Sorry for being so vague.

Example Data:
[(a,b)
(a,c)
(a,d)
(b,c)
(b,d)
(c,d)
(e,f)
(e,g)
(f,g)
(h,i)]

Output (grouping id, item ref)
(1,a),
(1,b),
(1,c),
(1,d),
(2,e),
(2,f),
(2,g),
(3,h),
(3,i)

It seems to be the same problem as "equivalence sets".

This problem was solved early on because e.g. Fortran compilers had to construct
such sets (equivalence partitions of a set).

I though I'd just say "Google it!", because I know there's a standard algorithm
but I can't recall the name. However, googling it I found no mention of that
algorithm. Not even in the Wikipedia articles on equivalence sets.
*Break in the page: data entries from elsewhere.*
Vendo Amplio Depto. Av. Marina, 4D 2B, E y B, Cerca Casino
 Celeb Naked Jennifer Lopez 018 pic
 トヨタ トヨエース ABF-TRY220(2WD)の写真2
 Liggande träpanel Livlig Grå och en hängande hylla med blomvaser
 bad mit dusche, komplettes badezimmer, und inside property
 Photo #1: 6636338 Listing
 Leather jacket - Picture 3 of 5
A number of approaches spring to mind:

Approach 1:
Multi-pass. Originally you assign a distinct set number to each symbol.
In each pass through the symbols you replace one number with another as
per one of the equivalence specs. Stop when no replacements are done.

Approach 2:
Merging. For each new equivalence A=B you check whether A has been assigned
to a set, if not you create a new one, call that S1, and ditto for B, S2.
Merge S1 and S2, e.g. move all elements of S2 to S1.

Approach 3:
In a first pass convert the data to more explicit form, linking each symbol
to the symbols it's directly equivalent to. Then in second pass simply drag
out each equivalence group (recurse on each symbol's list of equivalences).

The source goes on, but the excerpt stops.